La afición valencianista no quiso despedir a Jaume Ortí en silencio. La figura del presidente del doblete es tan querida, y tan hondo el pesar de su fallecimiento, que en el momento en el que Iglesias Villanueva dio la señal para dar inicio al silencio, los 49.000 espectadores arrancaron en aplausos espontáneos, rompiendo con toda convención, con el exigido luto, como en los funerales rítmicos de Nueva Orleans.

No podía haber silencio para recordar a un personaje que nunca entendió su cargo sin el ejercicio del afecto, la alegría y el hedonismo. Los aplausos se fundieron con la melodía de las «dolçaines». Nadie en el pueblo de Mestalla olvidará ese recuerdo.

Fue un instante de cargada emotividad en una velada cargada de un voltaje emocional permanente. El presidente del doblete ya forma parte del relato histórico del club, y su nombre se conserva con la gloria enciclopédica con la que se recuerdan figuras indiscutibles, de Luis Casanova a Arturo Tuzón, pasando por Vicente Peris y tantos otros que sirvieron a la institución con una militancia insobornable, que tanto cuesta encontrar en un deporte convertido en negocio.

El homenaje fue sencillo y emotivo, acorde a la personalidad de Jaume. A las 20:40 horas, antes de la salida al campo de los jugadores, salió el mítico palmito de la peña de Aldaia, que Ortí paseó por el césped de Sarrià, la Rosaleda y el Sánchez Pizjuán, en tres de las seis ligas conquistadas por el equipo.

El azar quiso que ninguno de esos alirones se cantase sobre el césped de Mestalla. Los aficionados, muchos de ellos identificados con la peluca naranja que el dirigente se enfundó en el partido en la Romareda de 2004 que dejó sentenciado el título, entonaron el nombre de Ortí.
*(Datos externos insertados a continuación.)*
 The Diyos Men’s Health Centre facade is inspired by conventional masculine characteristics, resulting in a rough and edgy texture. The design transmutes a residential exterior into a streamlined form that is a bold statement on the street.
Por los videomarcadores, mientras, aparecían los mensajes en Twitter que en los pasados días publicaron los exjugadores que coincidieron con Ortí.

El minuto de silencio por Ortí fue el momento culminante de unas horas previas marcadas por la fervorosa incondicionalidad con la que la afición encaró el partido. Dos horas antes del partido, ocho mil aficionados habían tomado la Avenida de Suecia y tributaron un recibimiento descomunal al Valencia.

Dentro del autocar, los asombrados jugadores grababan con sus móviles la escena, subida de inmediato a las redes sociales. El equipo y su hinchada se fundían en una única piel, sin ningún cordón de seguridad, con el autocar avanzando lentamente mientras los cánticos eran cada vez más ensordecedores, con las manos palmeando la carrocería. Ni los aficionados más veteranos recordaban una bienvenida de ese calado.